* _TASK INSTRUCTIONS_:
Pictures in the records below must be left out. Return exactly the lines from the line with "The Pathway Within, (Paperback)" to the line with "appartamento piemonte torino", both included.

=== Section Start ===

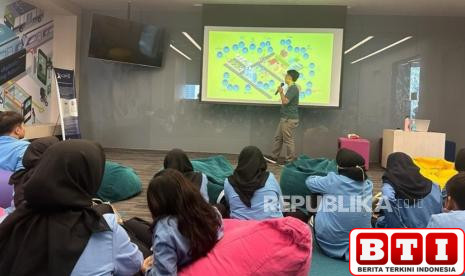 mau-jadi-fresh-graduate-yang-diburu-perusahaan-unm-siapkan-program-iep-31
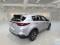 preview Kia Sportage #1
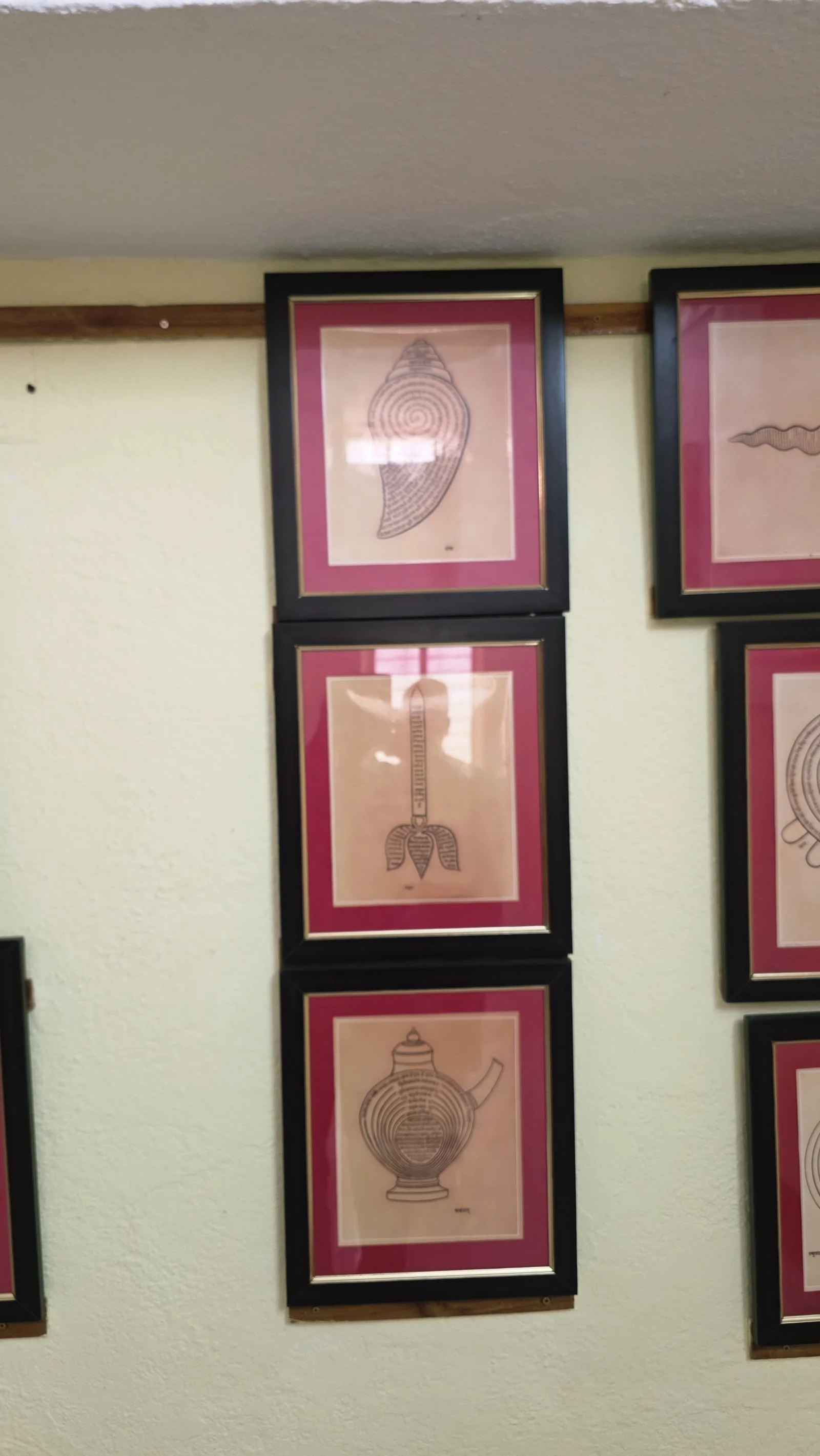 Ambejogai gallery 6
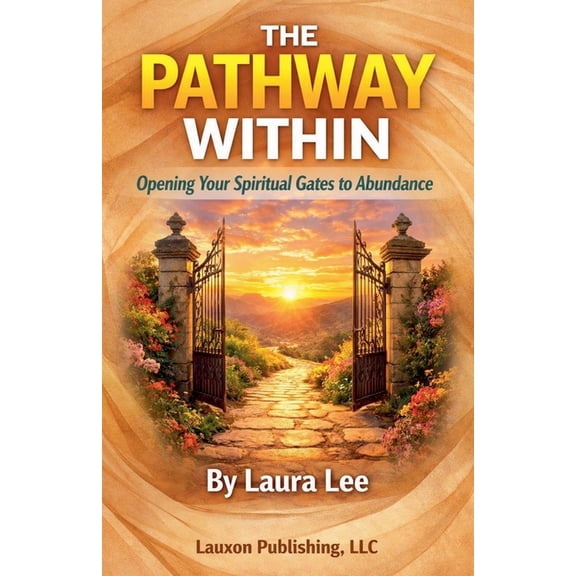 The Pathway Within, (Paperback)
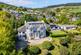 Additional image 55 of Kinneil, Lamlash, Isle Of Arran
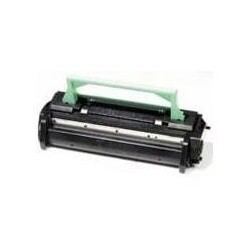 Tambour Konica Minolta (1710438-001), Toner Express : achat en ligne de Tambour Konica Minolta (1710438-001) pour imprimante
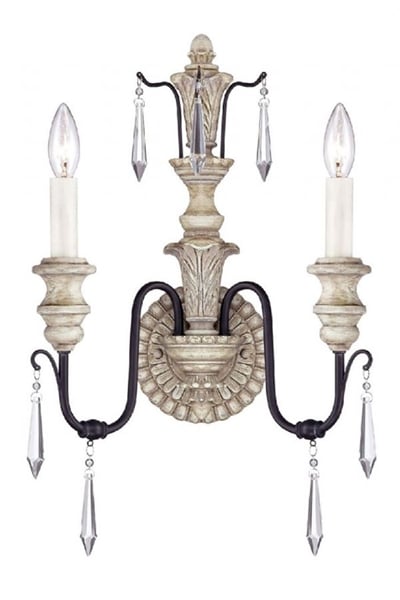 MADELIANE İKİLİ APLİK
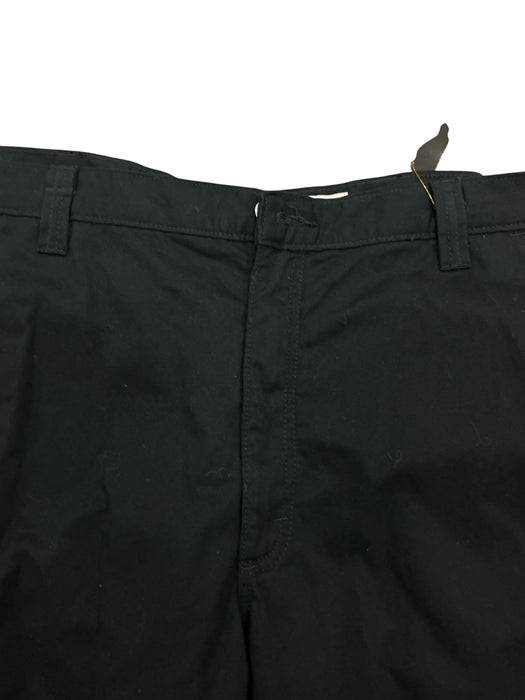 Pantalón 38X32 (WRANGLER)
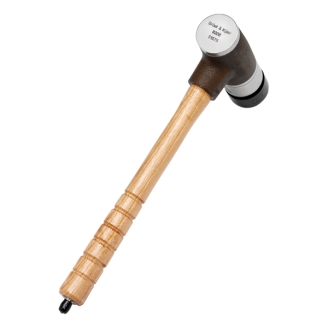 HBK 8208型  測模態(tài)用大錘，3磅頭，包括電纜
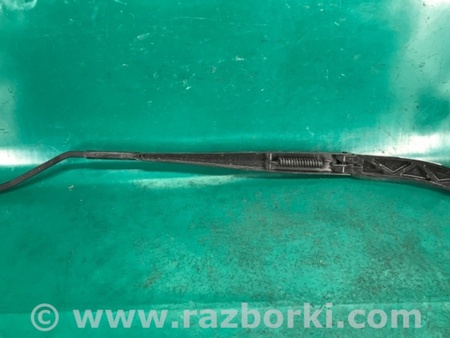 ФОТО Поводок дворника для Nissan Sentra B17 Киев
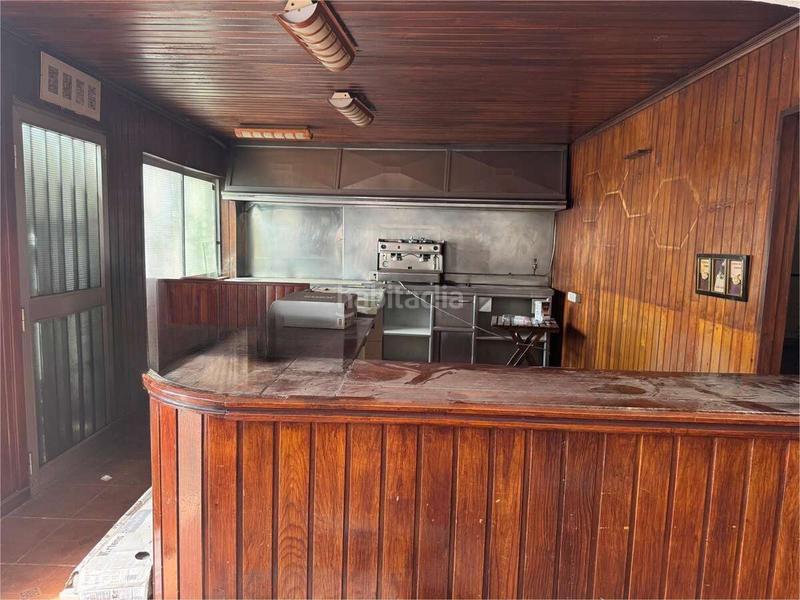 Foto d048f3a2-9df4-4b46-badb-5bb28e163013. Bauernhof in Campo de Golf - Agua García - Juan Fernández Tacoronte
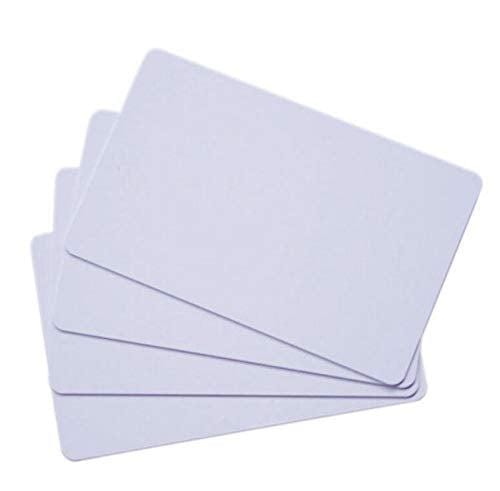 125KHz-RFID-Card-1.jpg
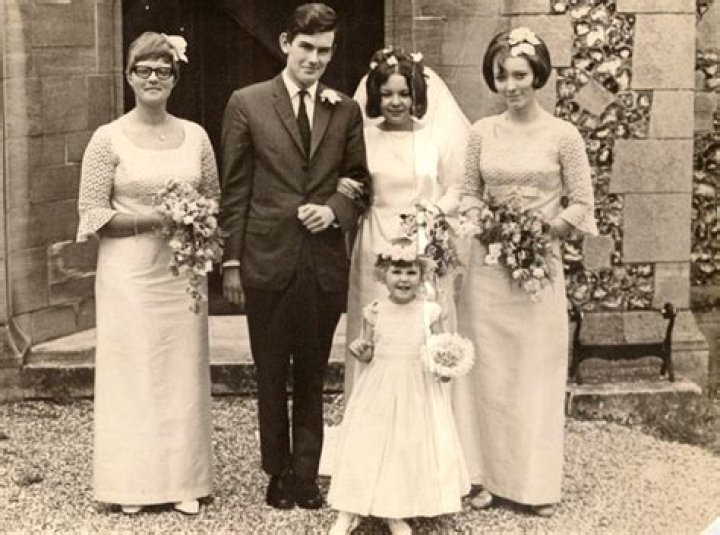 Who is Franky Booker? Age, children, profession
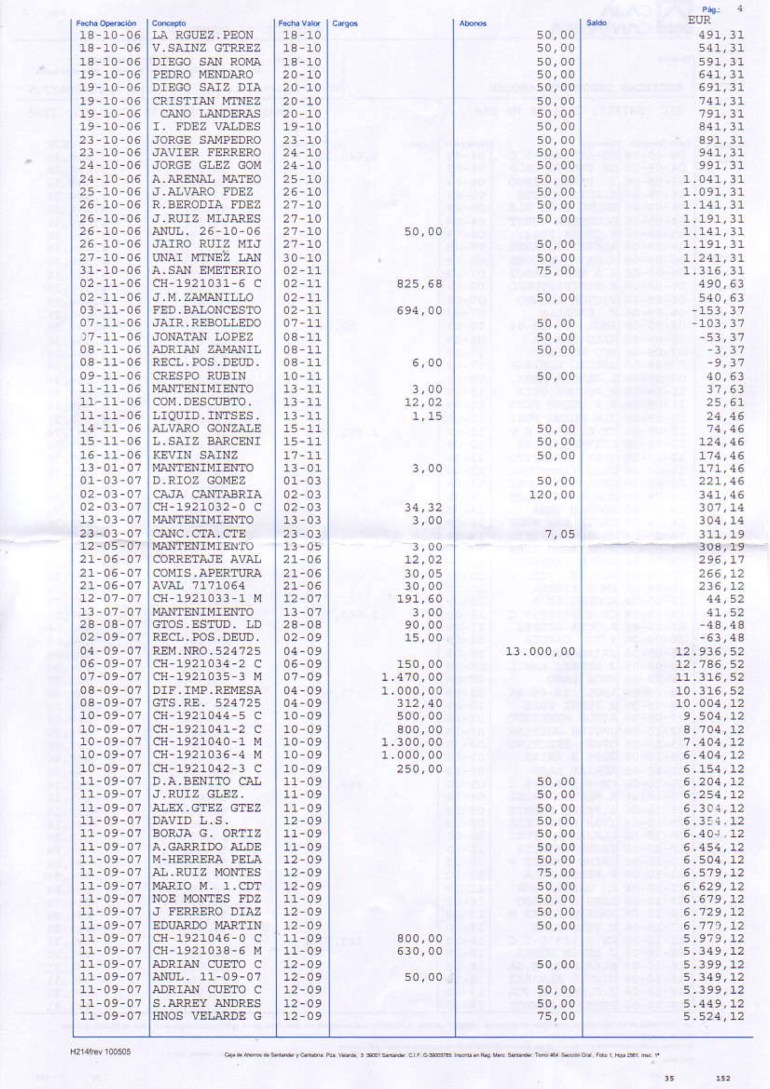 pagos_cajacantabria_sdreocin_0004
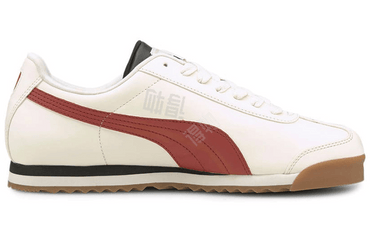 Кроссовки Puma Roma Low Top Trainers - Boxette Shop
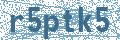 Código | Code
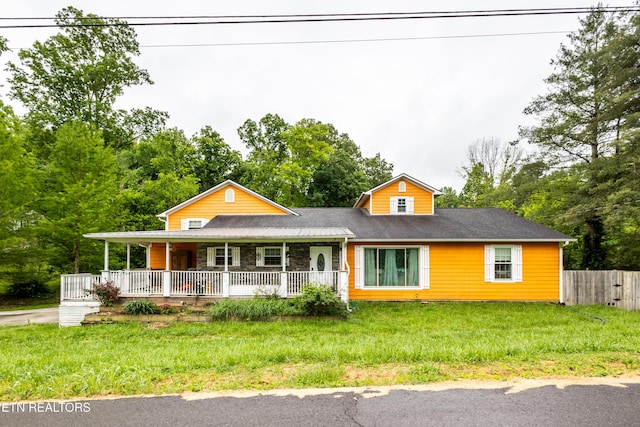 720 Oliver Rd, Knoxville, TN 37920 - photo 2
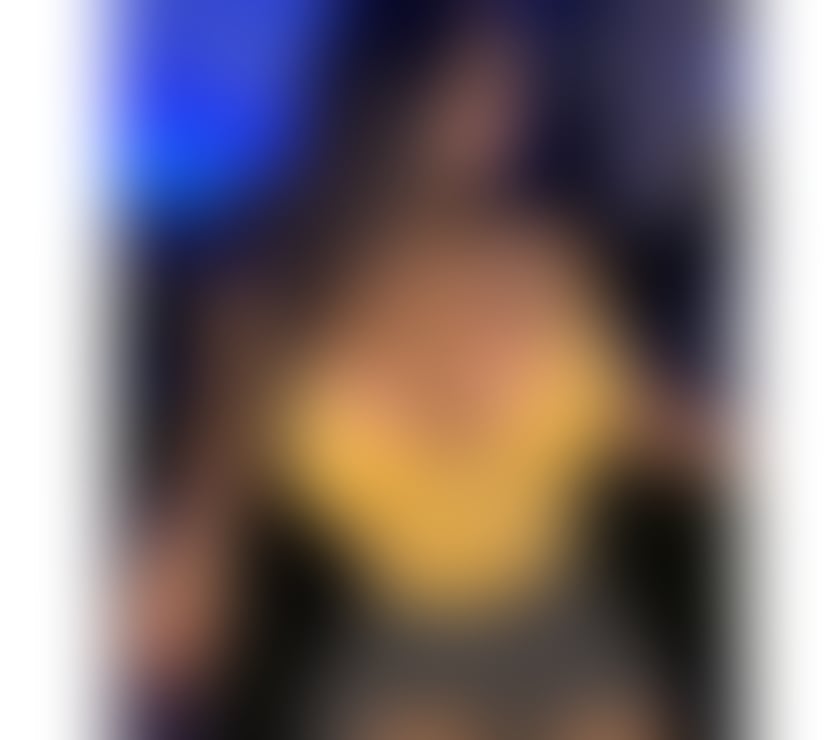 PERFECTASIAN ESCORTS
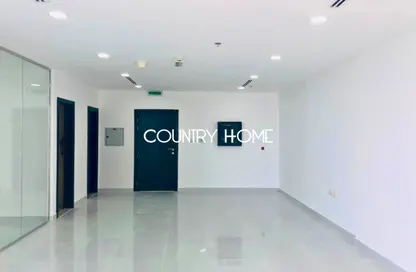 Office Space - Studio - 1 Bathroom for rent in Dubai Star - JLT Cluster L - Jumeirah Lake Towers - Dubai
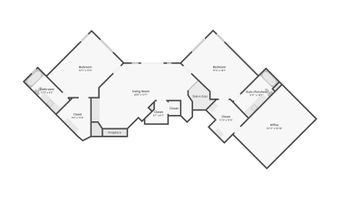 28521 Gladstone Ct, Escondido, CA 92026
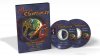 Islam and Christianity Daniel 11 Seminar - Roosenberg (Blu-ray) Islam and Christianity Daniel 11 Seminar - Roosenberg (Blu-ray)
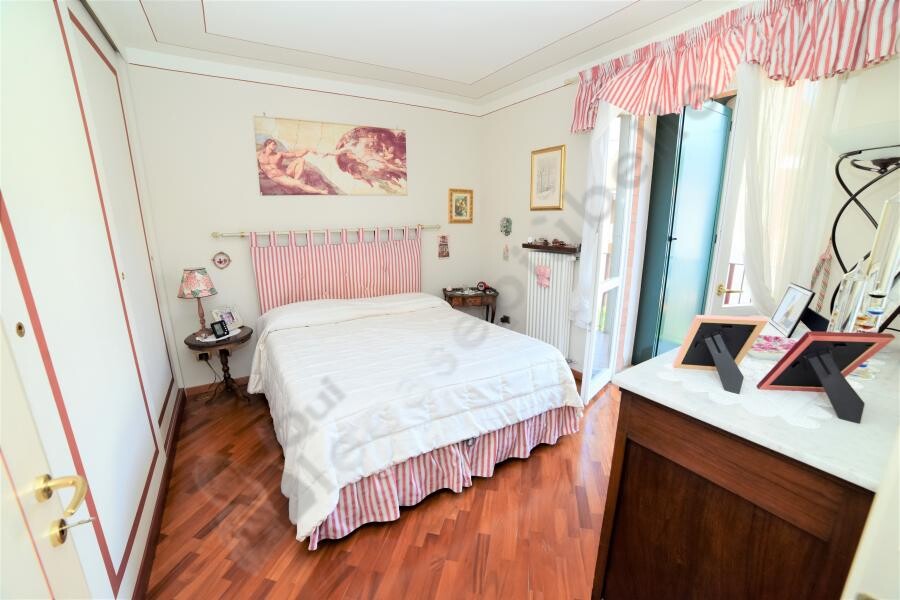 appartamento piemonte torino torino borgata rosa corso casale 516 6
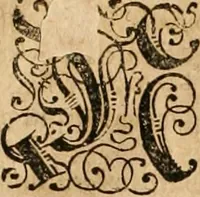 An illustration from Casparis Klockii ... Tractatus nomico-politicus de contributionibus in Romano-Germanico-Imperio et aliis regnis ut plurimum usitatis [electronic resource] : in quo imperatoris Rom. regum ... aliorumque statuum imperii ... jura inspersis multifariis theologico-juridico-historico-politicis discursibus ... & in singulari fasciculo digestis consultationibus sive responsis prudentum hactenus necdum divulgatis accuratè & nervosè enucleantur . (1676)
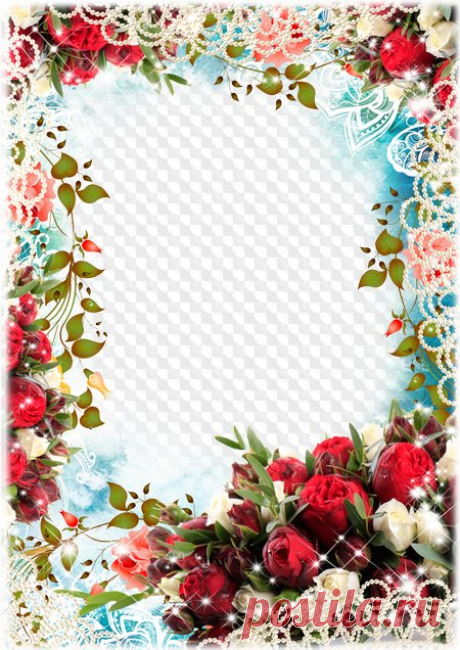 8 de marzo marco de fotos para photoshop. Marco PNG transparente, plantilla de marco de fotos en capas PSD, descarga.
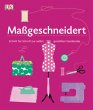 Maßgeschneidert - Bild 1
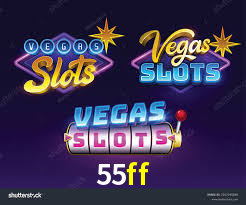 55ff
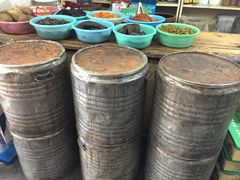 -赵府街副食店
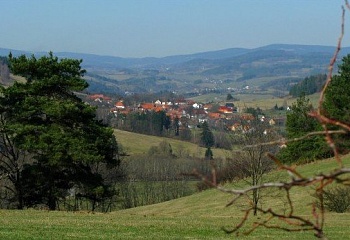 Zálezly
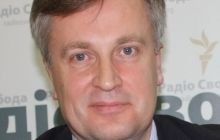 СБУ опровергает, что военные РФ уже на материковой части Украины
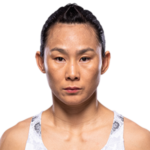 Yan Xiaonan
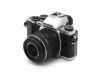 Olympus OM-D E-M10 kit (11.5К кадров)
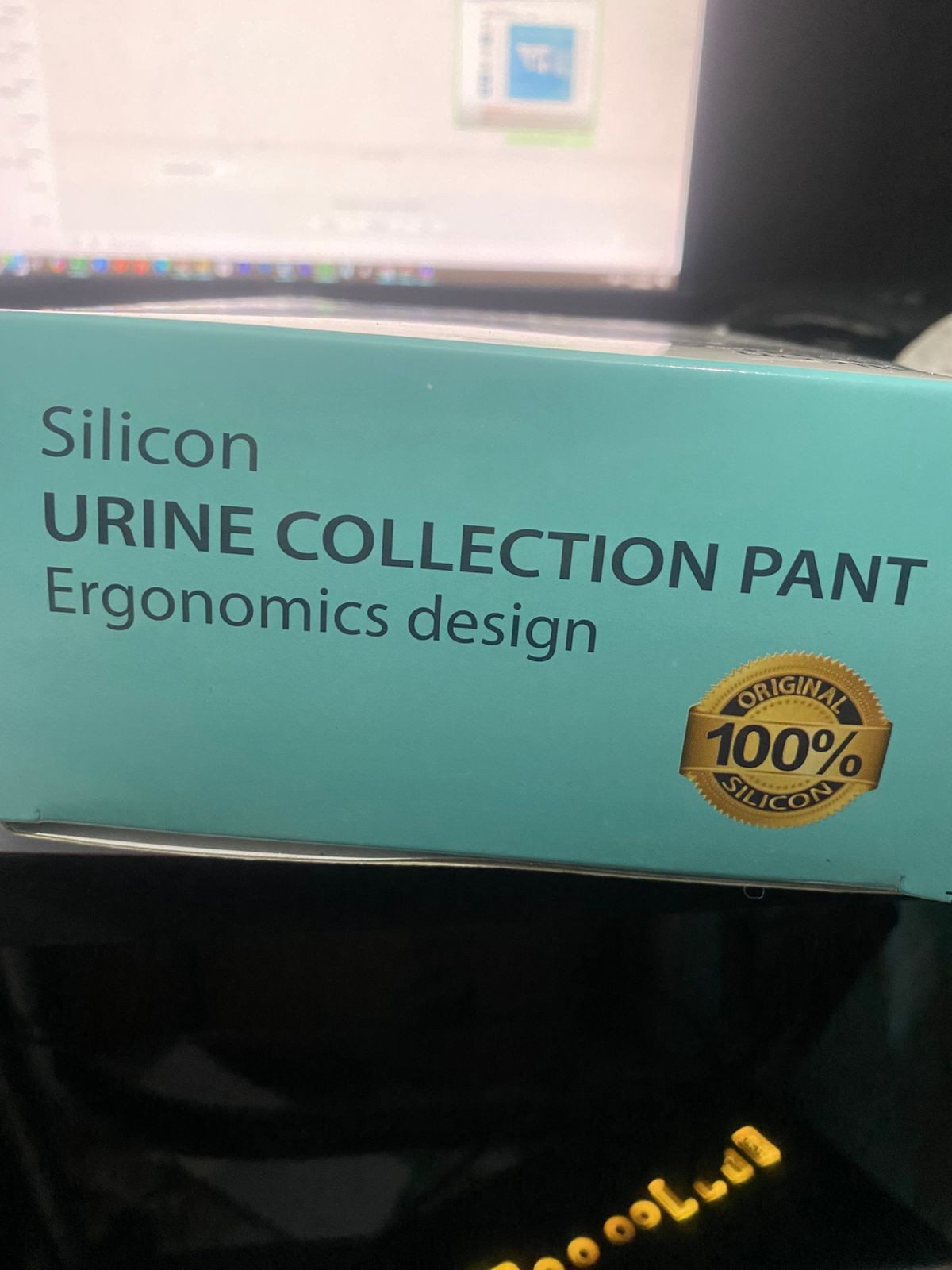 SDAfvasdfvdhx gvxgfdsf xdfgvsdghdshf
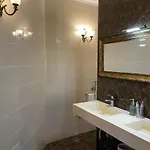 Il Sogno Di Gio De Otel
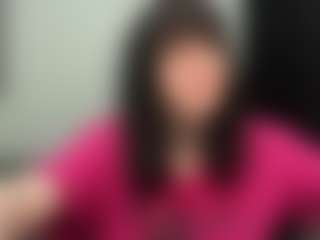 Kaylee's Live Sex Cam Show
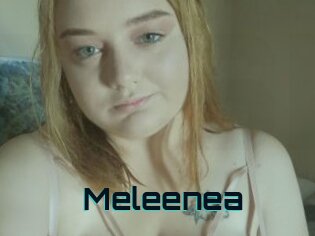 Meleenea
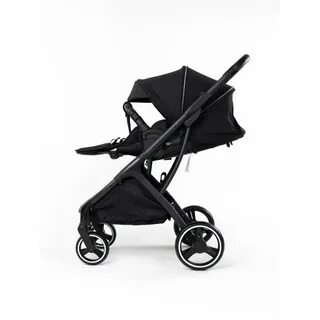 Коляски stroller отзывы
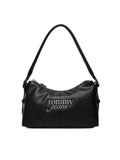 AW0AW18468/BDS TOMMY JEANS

=== Section End ===

* _RESPONSE TO THIS TASK_:
 The Pathway Within, (Paperback)
 Additional image 55 of Kinneil, Lamlash, Isle Of Arran
 Tambour Konica Minolta (1710438-001), Toner Express : achat en ligne de Tambour Konica Minolta (1710438-001) pour imprimante
 MADELIANE İKİLİ APLİK
 Pantalón 38X32 (WRANGLER)
 HBK 8208型  測模態(tài)用大錘，3磅頭，包括電纜
 ФОТО Поводок дворника для Nissan Sentra B17 Киев
 Foto d048f3a2-9df4-4b46-badb-5bb28e163013. Bauernhof in Campo de Golf - Agua García - Juan Fernández Tacoronte
 125KHz-RFID-Card-1.jpg
 Who is Franky Booker? Age, children, profession
 pagos_cajacantabria_sdreocin_0004
 Кроссовки Puma Roma Low Top Trainers - Boxette Shop
 Código | Code
 720 Oliver Rd, Knoxville, TN 37920 - photo 2
 PERFECTASIAN ESCORTS
 Office Space - Studio - 1 Bathroom for rent in Dubai Star - JLT Cluster L - Jumeirah Lake Towers - Dubai
 28521 Gladstone Ct, Escondido, CA 92026
 Islam and Christianity Daniel 11 Seminar - Roosenberg (Blu-ray) Islam and Christianity Daniel 11 Seminar - Roosenberg (Blu-ray)
 appartamento piemonte torino torino borgata rosa corso casale 516 6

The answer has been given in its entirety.